### TASK DETAILS
Every line of the data below is to be duplicated exactly, pictures excepted.

◆ ◆ ◆ ◆

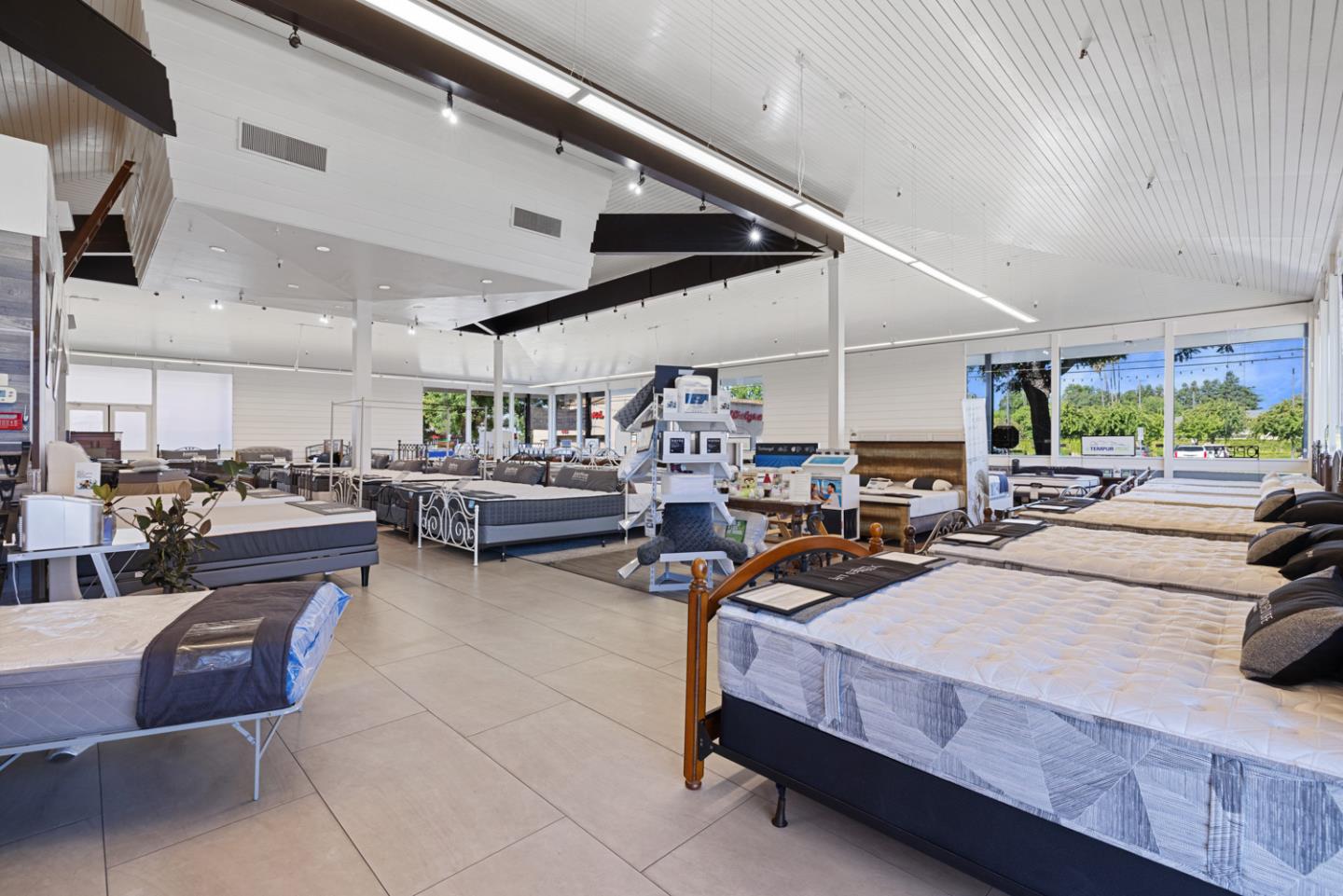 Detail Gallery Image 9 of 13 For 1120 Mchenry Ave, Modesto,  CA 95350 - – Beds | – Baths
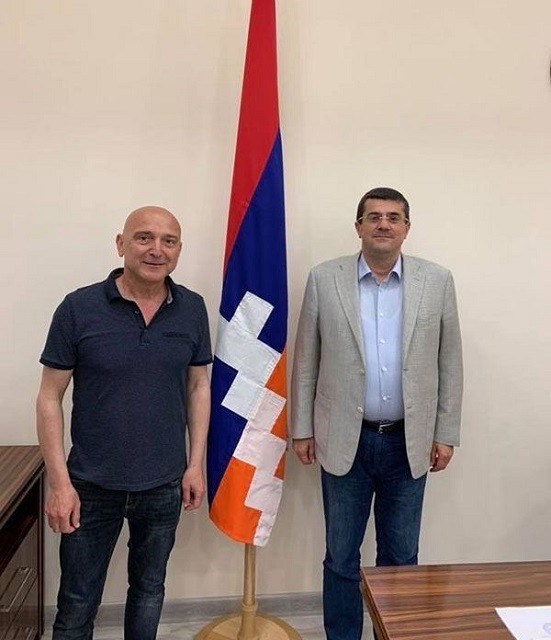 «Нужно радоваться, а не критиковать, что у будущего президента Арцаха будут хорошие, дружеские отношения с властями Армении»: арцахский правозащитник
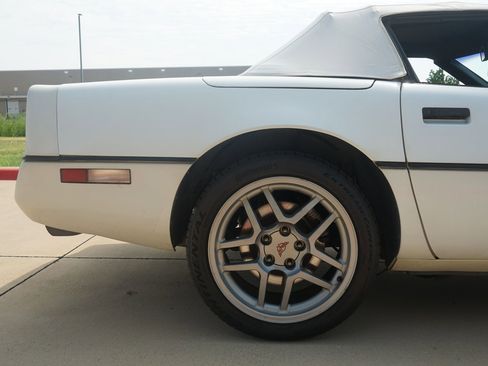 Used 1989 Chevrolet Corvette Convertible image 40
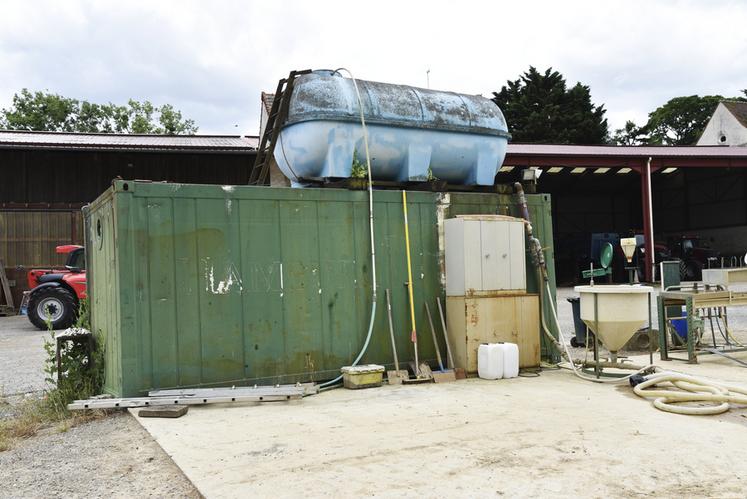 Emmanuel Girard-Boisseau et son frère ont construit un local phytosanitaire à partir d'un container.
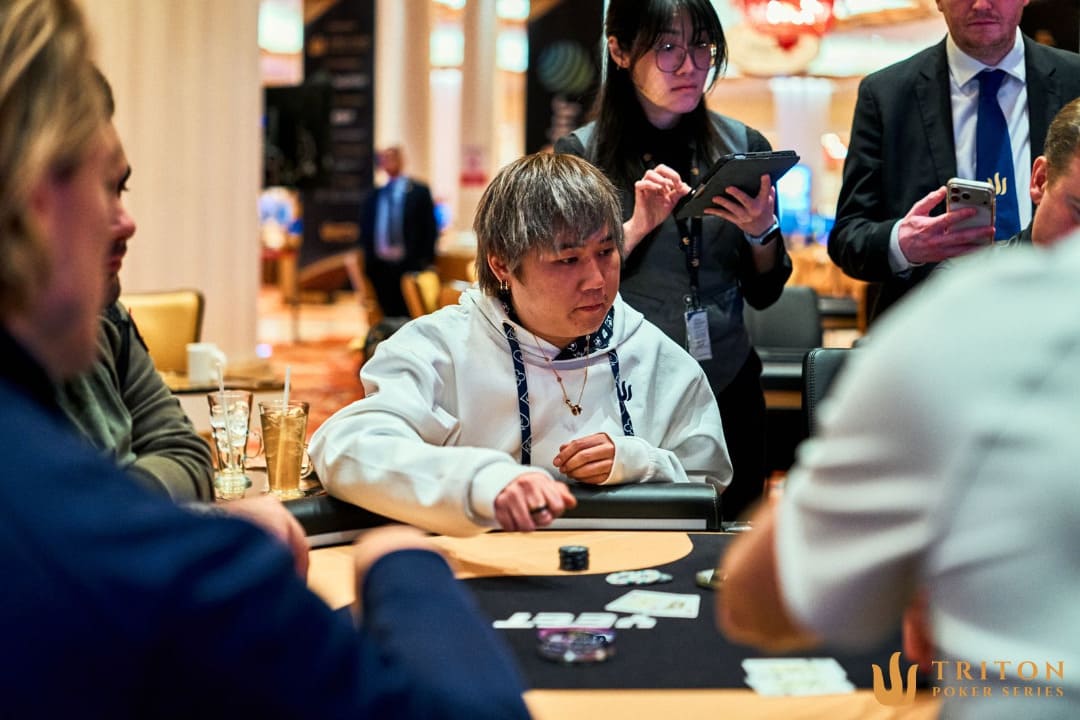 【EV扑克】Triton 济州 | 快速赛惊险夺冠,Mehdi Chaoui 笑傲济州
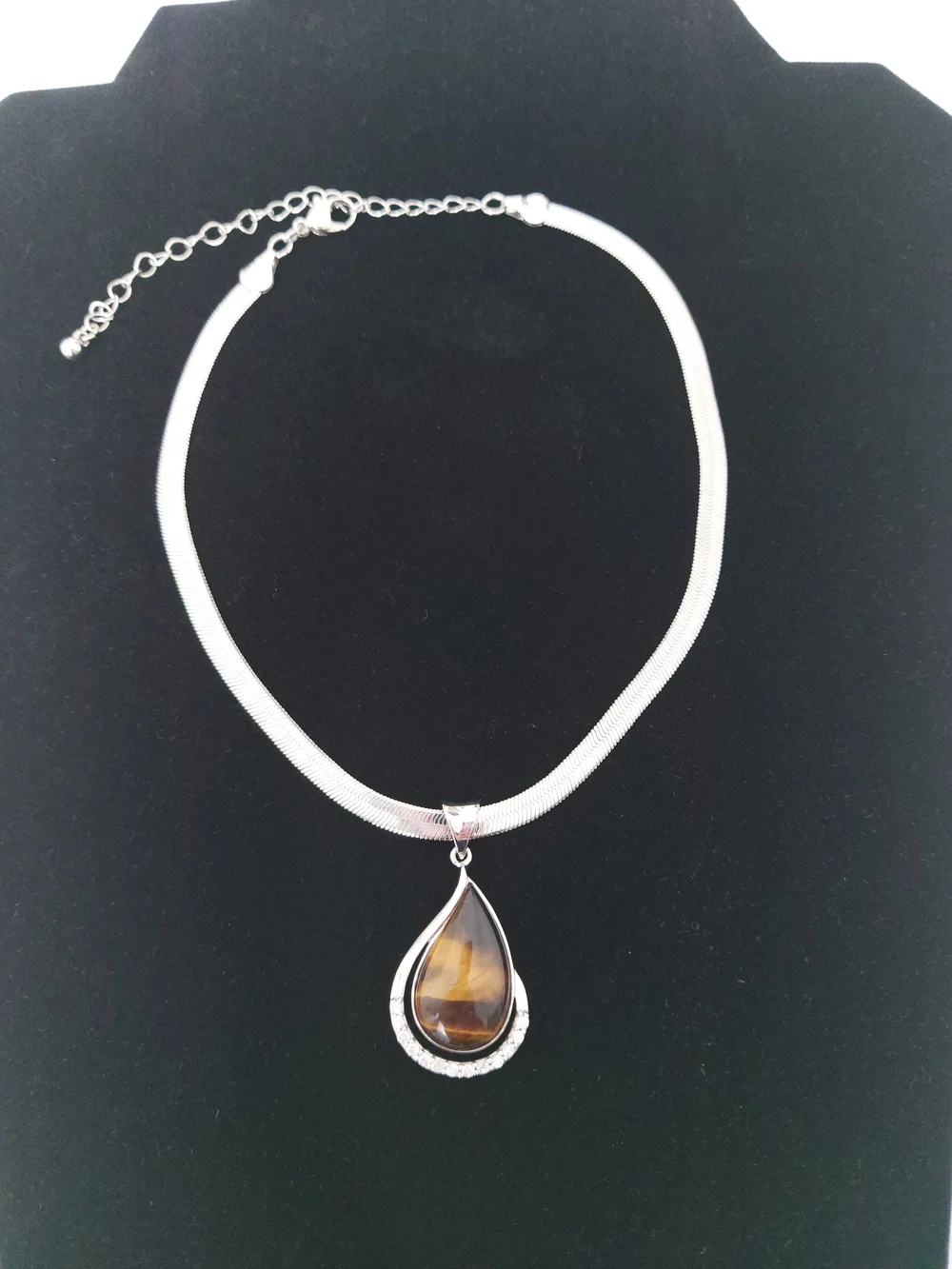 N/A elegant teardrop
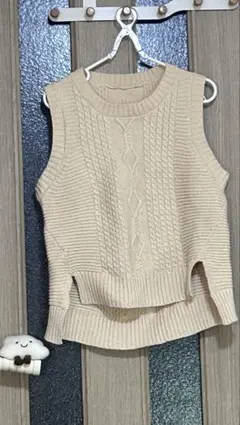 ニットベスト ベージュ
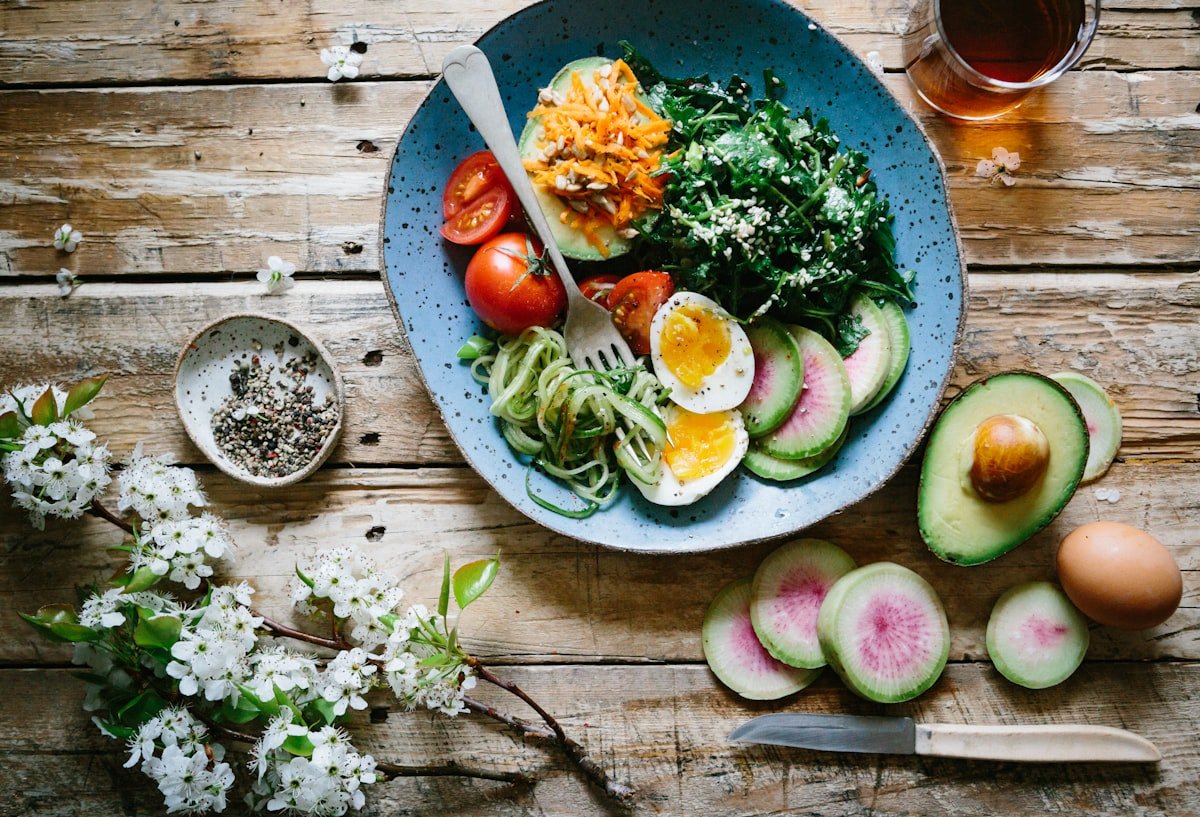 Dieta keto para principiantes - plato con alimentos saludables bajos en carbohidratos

◆ ◆ ◆ ◆

### PROBLEM SOLUTION
 Detail Gallery Image 9 of 13 For 1120 Mchenry Ave, Modesto,  CA 95350 - – Beds | – Baths
 «Нужно радоваться, а не критиковать, что у будущего президента Арцаха будут хорошие, дружеские отношения с властями Армении»: арцахский правозащитник
 Used 1989 Chevrolet Corvette Convertible image 40
 Emmanuel Girard-Boisseau et son frère ont construit un local phytosanitaire à partir d'un container.
 【EV扑克】Triton 济州 | 快速赛惊险夺冠,Mehdi Chaoui 笑傲济州
 N/A elegant teardrop
 ニットベスト ベージュ
 Dieta keto para principiantes - plato con alimentos saludables bajos en carbohidratos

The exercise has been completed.